We don't use replication slots for RepMgr, but we do for Barman and also for some Application purposes. The problem arises because repmgr node check will return a non-zero returncode for any slot that's not actively in use.

ENHANCEMENT REQUEST: Occasionally our application will stop using the slot, and I'm happy with that... but I need some way to tell RepMgr to ignore that. Can you get RepMgr either by default or via a configuration option to ONLY monitor slots that are concerned with RepMgr?

Versions

postgres@test_server_01[test_cluster_01:5432] ~/$ psql --version
psql (PostgreSQL) 10.7

postgres@test_server_01[test_cluster_01:5432] ~/$ repmgr --version
repmgr 4.2

As of version 4.3 (just released), repmgr only concerns itself with physical replication slots, and ignores logical ones:

$ repmgr --version
repmgr 4.3
# psql -c 'SELECT * from pg_replication_slots'
    slot_name     |  plugin  | slot_type | datoid | database | temporary | active | active_pid | xmin | catalog_xmin | restart_lsn | confirmed_flush_lsn 
------------------+----------+-----------+--------+----------+-----------+--------+------------+------+--------------+-------------+---------------------
 application_slot | wal2json | logical   |  16385 | repmgr   | f         | f      |            |      |          564 | 0/18CCDA0   | 0/18CCDD8
(1 row)
$ repmgr node check --slots
OK (node has no physical replication slots)
$ echo $?
0

Any inactive physical replication slot is always a concern, no matter which application it was created by.

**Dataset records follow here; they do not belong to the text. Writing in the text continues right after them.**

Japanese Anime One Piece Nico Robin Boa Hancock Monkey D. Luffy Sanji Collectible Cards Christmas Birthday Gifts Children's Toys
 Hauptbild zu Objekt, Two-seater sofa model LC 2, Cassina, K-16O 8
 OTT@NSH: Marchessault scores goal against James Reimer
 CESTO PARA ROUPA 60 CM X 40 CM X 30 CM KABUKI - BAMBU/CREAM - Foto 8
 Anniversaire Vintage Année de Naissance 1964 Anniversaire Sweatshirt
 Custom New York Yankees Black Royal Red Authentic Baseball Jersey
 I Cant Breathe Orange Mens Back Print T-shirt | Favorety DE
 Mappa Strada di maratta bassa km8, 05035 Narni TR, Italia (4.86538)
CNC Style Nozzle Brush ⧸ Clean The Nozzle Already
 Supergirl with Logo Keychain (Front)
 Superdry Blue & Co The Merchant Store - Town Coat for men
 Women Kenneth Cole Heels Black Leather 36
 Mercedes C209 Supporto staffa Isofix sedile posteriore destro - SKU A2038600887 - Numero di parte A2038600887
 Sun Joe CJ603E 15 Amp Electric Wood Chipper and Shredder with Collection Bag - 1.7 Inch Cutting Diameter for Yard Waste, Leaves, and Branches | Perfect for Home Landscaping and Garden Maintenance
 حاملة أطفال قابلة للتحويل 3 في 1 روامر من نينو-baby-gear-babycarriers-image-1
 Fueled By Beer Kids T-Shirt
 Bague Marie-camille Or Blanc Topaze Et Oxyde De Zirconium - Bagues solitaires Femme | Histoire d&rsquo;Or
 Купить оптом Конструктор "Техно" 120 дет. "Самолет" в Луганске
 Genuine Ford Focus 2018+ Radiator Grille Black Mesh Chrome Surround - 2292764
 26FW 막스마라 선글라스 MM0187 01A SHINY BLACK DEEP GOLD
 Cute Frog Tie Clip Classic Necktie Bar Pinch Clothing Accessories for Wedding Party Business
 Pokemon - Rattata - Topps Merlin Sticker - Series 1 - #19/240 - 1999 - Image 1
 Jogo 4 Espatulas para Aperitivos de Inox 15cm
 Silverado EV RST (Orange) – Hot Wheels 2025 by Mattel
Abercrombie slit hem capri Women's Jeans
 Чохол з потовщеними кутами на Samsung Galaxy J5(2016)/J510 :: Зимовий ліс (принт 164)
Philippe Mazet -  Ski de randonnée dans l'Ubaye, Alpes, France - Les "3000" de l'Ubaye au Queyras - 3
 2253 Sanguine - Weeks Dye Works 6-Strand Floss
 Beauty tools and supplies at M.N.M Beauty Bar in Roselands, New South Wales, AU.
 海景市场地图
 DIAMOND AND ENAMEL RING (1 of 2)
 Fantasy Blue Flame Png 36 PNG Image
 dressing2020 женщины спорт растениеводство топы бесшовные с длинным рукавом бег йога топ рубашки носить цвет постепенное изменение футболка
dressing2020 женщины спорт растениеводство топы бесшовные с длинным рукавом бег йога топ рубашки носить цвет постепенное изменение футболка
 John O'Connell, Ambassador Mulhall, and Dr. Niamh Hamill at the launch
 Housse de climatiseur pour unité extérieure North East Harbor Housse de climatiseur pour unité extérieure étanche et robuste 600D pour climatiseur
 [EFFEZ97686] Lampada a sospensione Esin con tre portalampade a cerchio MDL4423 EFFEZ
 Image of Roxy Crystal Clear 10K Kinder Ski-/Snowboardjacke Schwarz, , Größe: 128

Does this resolve your issue?

gclough commented 5 years ago

Silly me, I should have used the latest version. Humble apologies. :-/

This does indeed fix this issue, and whilst I would agree that any idle replication slot is very bad, IMHO RepMgr should only concern itself with reporting a "CRITICAL" error for only those slots that it creates, or at a minimum only report errors when use_replication_slots=yes is configured. I'll agree that this may be a fringe opinion, so I'll close the issue. Many thanks.